Ms. Holloway, the mother of the murdered child, conducted a high-profile campaign to get both of the killers equally punished under the doctrine of ‘Joint Enterprise,’ and she was successful in her endeavors. According to the Criminal Law, criminals are categorized as offenders liable for their own actions but after the application of the Doctrine of the Joint Enterprise, everyone who had a role to play in the execution of crime is held responsible as a guilty offender. According to the judge, “conviction demonstrates that those who engage in violence willingly must take full responsibility, not just for what they do themselves, but for the actions of others that they go about with and with whom they act in concert.”
However, this case had serious ramifications on many other crimes and cases of similar nature.

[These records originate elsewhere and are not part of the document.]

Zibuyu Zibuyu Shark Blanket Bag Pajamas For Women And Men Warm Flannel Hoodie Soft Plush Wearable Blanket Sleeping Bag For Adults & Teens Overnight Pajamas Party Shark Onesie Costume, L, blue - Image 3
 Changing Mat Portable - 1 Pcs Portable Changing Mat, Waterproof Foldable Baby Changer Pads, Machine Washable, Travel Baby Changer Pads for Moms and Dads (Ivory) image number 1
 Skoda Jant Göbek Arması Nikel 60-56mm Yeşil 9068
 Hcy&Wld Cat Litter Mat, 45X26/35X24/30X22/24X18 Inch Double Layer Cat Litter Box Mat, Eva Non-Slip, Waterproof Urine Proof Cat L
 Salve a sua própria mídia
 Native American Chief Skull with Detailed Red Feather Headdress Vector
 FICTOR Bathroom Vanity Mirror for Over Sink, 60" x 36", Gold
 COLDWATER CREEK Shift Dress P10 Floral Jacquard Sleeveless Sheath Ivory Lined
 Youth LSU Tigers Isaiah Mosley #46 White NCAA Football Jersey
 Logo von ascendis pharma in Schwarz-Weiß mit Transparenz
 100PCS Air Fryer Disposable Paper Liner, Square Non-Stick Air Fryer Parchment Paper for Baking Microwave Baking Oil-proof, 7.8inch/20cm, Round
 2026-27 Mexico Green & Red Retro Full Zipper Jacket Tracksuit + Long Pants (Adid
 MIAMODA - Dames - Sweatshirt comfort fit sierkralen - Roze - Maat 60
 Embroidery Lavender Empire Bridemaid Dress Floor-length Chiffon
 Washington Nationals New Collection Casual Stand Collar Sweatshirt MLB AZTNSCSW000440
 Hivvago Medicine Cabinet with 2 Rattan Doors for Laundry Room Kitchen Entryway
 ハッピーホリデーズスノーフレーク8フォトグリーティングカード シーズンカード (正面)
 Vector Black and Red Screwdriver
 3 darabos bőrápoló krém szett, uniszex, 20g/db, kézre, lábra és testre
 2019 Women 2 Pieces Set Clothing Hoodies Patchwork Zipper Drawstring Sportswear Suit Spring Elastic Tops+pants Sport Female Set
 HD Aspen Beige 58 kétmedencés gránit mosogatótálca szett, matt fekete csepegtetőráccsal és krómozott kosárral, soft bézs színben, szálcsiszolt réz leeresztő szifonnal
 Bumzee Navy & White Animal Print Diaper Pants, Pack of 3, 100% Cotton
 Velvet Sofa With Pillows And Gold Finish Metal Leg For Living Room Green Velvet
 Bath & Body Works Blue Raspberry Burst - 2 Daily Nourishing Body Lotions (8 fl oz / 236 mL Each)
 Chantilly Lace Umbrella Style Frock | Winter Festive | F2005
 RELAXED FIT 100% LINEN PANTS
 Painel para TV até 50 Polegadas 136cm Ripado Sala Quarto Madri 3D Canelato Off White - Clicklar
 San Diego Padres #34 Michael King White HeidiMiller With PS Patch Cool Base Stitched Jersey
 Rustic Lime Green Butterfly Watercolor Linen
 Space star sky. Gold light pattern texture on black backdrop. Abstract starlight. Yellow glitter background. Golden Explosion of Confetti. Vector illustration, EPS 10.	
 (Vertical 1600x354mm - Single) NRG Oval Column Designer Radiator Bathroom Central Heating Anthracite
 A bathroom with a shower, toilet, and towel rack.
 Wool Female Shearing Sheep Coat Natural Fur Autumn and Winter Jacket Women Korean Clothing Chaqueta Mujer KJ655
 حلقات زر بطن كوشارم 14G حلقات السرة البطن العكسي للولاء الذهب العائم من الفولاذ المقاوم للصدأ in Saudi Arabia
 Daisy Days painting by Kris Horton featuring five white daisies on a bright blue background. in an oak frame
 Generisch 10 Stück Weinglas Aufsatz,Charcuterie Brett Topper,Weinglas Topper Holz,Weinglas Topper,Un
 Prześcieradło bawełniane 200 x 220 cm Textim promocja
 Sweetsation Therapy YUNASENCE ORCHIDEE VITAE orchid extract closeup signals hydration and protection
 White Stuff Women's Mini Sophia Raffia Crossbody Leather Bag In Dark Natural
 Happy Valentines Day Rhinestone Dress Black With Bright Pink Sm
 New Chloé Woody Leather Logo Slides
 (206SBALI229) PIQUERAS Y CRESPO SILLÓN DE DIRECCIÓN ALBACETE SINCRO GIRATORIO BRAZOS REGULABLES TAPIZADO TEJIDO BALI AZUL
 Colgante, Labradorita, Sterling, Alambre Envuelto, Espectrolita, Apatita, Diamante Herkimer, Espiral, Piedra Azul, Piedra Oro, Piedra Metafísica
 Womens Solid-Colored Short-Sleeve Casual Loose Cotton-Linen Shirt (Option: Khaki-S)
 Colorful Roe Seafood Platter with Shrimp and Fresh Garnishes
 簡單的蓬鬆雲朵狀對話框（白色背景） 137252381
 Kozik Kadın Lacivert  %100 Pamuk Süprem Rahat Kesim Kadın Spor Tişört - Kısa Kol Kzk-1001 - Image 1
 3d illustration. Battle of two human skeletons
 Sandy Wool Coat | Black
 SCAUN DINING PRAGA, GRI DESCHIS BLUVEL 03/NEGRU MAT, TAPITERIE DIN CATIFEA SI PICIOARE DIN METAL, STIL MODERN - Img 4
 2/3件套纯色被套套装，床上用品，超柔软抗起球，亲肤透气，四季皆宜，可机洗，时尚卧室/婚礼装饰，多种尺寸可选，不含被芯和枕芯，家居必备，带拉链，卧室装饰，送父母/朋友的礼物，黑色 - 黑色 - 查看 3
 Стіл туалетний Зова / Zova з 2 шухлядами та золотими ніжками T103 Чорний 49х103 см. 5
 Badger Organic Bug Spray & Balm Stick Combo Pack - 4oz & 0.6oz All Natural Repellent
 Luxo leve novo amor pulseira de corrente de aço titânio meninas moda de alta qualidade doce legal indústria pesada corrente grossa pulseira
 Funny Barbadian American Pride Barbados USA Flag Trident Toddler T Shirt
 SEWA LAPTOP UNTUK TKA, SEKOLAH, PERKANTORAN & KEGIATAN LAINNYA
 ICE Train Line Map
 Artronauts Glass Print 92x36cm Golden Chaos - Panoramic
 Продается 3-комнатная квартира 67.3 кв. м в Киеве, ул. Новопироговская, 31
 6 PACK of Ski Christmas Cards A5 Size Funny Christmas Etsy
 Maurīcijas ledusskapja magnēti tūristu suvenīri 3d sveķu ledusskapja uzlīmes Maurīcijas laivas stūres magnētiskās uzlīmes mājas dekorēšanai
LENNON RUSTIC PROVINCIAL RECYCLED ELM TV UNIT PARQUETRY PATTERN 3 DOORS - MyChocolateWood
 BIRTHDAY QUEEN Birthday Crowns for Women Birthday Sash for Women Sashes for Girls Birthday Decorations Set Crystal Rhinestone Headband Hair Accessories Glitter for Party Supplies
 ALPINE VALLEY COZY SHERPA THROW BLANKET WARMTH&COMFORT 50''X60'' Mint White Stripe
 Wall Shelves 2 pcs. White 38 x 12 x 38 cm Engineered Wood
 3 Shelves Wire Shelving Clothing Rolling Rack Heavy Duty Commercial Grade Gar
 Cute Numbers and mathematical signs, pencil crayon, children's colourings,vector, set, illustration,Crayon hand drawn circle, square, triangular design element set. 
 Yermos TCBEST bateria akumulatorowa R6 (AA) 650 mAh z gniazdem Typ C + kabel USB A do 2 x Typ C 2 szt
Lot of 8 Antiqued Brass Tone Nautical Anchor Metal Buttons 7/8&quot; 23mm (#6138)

Many victims pleaded the court to use the law of ‘Joint Enterprise’ to punish all the members involved in crime whether their involvement was at a small or large scale.
As a matter of fact, Public Prosecution Service in Northern Ireland has been extremely cautious in the application of ‘Joint Enterprise’ because more often than not, crimes of severe nature involve extremely severe punishment.
Recently, due to ongoing debate for multiple years the Supreme Court came up with the conclusion that application of the ‘Joint Enterprise’ is differs from case to case depending on the nature of the crime. This statement made by the Supreme Court has opened up to as much as six hundred cases where the punished criminals are hoping to have a way around the law of ‘Joint Enterprise.’
Although, judge Lord Neuberger added that, ” The ruling did not automatically mean that all previous joint enterprise convictions were unsafe.”